**DATA IN THIS EXERCISE**
__________________________________________________
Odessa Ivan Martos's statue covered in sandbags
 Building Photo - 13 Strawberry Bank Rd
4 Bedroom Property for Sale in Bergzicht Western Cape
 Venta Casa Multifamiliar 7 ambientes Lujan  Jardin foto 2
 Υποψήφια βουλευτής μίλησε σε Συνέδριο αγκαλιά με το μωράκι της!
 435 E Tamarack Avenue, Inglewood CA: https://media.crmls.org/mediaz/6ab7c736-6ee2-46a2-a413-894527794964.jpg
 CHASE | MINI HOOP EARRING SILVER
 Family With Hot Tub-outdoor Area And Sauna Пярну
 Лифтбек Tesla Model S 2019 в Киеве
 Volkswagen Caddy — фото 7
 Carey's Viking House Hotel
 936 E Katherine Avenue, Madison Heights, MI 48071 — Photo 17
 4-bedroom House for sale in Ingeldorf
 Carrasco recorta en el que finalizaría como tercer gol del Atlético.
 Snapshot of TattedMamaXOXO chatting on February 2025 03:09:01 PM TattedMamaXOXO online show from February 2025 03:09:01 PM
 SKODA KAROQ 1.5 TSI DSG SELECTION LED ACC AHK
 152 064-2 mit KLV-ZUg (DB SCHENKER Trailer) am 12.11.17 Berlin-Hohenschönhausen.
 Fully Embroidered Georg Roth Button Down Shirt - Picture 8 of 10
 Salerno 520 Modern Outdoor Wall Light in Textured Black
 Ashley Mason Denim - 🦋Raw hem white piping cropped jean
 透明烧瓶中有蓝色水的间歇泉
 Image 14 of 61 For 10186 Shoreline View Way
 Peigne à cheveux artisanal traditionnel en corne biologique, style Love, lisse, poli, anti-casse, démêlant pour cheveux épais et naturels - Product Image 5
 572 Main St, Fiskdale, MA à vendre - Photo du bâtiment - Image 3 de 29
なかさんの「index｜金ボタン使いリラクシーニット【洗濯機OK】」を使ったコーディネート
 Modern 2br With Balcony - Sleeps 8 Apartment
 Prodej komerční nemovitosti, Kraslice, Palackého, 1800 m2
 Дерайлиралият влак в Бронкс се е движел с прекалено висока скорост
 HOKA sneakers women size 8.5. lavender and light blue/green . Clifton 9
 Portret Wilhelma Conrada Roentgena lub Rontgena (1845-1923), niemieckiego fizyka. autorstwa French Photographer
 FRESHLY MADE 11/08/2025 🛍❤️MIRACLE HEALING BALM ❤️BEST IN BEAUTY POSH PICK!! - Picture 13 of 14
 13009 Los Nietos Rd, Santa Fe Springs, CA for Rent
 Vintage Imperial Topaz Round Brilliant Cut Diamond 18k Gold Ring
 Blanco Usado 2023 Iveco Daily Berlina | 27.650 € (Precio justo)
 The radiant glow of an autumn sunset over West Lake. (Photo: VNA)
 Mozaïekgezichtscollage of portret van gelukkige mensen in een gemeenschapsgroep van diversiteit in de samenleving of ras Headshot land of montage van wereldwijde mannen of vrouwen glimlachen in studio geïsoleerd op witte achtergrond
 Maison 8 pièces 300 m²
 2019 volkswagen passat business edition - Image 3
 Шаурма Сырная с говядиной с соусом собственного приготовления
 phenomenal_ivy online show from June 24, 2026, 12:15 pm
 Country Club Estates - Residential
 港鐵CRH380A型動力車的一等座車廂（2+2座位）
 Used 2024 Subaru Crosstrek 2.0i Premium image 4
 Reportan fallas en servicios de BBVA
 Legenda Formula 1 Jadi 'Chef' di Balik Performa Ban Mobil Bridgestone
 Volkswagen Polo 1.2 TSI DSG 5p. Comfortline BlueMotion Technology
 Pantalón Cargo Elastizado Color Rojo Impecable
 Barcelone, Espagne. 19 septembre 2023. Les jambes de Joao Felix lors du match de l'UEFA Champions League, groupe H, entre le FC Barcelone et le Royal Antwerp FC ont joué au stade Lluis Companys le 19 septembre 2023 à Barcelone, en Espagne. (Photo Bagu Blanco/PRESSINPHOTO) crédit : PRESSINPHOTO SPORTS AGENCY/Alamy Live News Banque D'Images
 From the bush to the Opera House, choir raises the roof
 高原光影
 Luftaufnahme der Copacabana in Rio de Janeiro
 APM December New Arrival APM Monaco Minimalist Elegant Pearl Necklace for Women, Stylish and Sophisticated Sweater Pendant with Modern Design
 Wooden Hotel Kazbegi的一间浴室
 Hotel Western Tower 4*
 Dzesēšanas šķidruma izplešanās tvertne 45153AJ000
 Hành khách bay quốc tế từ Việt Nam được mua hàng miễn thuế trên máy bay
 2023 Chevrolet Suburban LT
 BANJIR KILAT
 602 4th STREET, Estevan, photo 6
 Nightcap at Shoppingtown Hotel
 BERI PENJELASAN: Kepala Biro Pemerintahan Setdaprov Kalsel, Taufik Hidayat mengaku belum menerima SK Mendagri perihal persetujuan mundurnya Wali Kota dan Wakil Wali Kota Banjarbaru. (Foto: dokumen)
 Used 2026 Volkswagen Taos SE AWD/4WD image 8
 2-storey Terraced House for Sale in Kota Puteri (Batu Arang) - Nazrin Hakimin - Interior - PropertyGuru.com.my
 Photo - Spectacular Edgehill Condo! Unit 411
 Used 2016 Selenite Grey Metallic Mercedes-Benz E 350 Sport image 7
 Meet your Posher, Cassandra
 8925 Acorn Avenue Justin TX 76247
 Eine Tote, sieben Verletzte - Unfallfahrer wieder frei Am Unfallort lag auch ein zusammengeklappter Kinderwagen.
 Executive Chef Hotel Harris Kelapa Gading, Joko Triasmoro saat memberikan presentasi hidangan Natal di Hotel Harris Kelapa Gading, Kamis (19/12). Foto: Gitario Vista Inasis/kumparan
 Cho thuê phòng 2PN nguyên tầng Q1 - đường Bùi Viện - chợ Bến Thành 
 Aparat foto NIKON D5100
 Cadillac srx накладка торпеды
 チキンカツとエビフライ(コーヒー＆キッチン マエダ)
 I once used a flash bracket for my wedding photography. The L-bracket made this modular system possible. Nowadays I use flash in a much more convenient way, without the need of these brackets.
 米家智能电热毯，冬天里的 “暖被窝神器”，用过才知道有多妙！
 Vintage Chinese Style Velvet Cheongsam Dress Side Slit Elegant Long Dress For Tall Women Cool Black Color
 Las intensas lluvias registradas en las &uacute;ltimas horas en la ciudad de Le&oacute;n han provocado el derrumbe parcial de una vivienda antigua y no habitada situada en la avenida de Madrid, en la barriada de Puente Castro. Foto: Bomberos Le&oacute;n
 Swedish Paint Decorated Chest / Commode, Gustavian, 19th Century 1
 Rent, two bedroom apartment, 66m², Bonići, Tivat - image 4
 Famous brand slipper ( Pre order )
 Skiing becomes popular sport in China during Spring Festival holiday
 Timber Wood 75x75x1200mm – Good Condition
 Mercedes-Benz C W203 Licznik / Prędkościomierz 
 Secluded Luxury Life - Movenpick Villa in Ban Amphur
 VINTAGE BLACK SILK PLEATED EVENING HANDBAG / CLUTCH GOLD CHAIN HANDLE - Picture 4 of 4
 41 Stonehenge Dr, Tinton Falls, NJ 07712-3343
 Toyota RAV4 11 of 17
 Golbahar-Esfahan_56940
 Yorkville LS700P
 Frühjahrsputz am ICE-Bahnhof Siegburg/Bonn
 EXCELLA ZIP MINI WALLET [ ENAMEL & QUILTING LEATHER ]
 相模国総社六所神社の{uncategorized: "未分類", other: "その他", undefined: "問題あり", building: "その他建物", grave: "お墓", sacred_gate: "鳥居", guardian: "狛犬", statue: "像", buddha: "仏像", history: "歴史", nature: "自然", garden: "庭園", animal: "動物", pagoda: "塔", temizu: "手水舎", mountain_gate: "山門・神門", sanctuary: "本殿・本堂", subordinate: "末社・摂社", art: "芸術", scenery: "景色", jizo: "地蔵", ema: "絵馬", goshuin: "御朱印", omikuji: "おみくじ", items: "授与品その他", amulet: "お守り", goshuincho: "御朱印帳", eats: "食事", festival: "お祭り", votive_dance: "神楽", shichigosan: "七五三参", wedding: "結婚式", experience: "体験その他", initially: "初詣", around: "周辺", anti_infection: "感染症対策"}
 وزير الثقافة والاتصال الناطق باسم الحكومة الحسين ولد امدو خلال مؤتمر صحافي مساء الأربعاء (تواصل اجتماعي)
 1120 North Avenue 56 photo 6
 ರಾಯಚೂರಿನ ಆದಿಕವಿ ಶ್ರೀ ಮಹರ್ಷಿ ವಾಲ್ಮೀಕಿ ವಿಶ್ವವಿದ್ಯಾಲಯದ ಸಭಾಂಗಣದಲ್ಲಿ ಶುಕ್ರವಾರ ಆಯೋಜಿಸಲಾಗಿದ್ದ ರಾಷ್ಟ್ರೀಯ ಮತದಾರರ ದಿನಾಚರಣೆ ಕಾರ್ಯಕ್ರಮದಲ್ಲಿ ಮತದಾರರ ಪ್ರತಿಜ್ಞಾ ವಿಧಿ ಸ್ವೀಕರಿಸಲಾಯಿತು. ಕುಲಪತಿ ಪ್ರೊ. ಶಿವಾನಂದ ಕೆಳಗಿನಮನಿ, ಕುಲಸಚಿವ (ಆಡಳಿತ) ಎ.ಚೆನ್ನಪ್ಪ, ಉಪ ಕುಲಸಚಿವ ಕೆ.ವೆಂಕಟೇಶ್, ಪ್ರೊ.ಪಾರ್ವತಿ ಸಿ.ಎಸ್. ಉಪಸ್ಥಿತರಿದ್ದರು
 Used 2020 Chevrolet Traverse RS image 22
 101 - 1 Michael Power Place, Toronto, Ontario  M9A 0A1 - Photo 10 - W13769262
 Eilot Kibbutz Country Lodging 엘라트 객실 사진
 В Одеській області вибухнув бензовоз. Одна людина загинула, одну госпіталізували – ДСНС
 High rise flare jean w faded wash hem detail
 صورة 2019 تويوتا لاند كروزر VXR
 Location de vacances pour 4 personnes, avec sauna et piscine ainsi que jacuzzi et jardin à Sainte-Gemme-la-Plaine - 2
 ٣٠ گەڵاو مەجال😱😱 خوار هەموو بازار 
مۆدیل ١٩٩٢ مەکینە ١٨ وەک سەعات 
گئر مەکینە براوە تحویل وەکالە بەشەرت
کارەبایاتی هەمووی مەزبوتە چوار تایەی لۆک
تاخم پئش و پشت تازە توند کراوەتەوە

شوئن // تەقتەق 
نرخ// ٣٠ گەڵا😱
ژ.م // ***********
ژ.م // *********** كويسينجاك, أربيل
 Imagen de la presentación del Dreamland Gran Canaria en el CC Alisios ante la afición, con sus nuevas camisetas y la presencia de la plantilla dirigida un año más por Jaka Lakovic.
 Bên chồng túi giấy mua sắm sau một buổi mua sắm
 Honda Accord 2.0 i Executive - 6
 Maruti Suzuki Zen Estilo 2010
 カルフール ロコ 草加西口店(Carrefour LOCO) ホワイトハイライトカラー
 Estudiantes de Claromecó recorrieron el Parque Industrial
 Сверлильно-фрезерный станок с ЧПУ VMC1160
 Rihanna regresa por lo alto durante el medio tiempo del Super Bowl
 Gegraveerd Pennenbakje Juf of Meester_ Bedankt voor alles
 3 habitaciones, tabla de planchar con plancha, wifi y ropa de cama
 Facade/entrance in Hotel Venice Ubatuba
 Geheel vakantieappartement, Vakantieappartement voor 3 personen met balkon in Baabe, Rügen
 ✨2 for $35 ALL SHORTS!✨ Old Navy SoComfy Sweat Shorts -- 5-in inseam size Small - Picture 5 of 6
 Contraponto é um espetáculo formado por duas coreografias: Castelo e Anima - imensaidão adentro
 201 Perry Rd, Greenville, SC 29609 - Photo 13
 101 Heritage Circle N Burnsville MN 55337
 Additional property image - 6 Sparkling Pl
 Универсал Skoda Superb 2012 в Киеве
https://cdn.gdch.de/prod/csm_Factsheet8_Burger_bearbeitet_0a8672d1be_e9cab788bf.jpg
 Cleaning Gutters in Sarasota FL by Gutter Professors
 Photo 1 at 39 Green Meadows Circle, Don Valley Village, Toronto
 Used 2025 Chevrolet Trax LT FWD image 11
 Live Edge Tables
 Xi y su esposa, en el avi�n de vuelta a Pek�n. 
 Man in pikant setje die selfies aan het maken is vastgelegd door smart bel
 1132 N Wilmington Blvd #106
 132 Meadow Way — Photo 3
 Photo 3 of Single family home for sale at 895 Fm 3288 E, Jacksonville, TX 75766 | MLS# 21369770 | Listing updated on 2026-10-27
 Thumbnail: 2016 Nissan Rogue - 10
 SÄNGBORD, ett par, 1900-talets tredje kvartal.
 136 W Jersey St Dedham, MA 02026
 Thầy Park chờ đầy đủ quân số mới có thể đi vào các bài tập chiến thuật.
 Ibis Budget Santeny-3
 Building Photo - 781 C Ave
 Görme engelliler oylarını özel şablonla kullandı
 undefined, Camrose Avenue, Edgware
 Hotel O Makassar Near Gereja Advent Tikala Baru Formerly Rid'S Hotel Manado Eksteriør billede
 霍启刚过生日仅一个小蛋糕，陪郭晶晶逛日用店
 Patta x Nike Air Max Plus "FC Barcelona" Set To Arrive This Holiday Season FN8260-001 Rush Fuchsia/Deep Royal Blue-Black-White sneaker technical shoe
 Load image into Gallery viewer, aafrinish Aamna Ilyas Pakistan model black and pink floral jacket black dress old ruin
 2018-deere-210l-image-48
__________________________________________________
**REQUIREMENT**
Please tally the lines of the data in which the string "pour" appears and write only the total.

**ANSWER SECTION**
2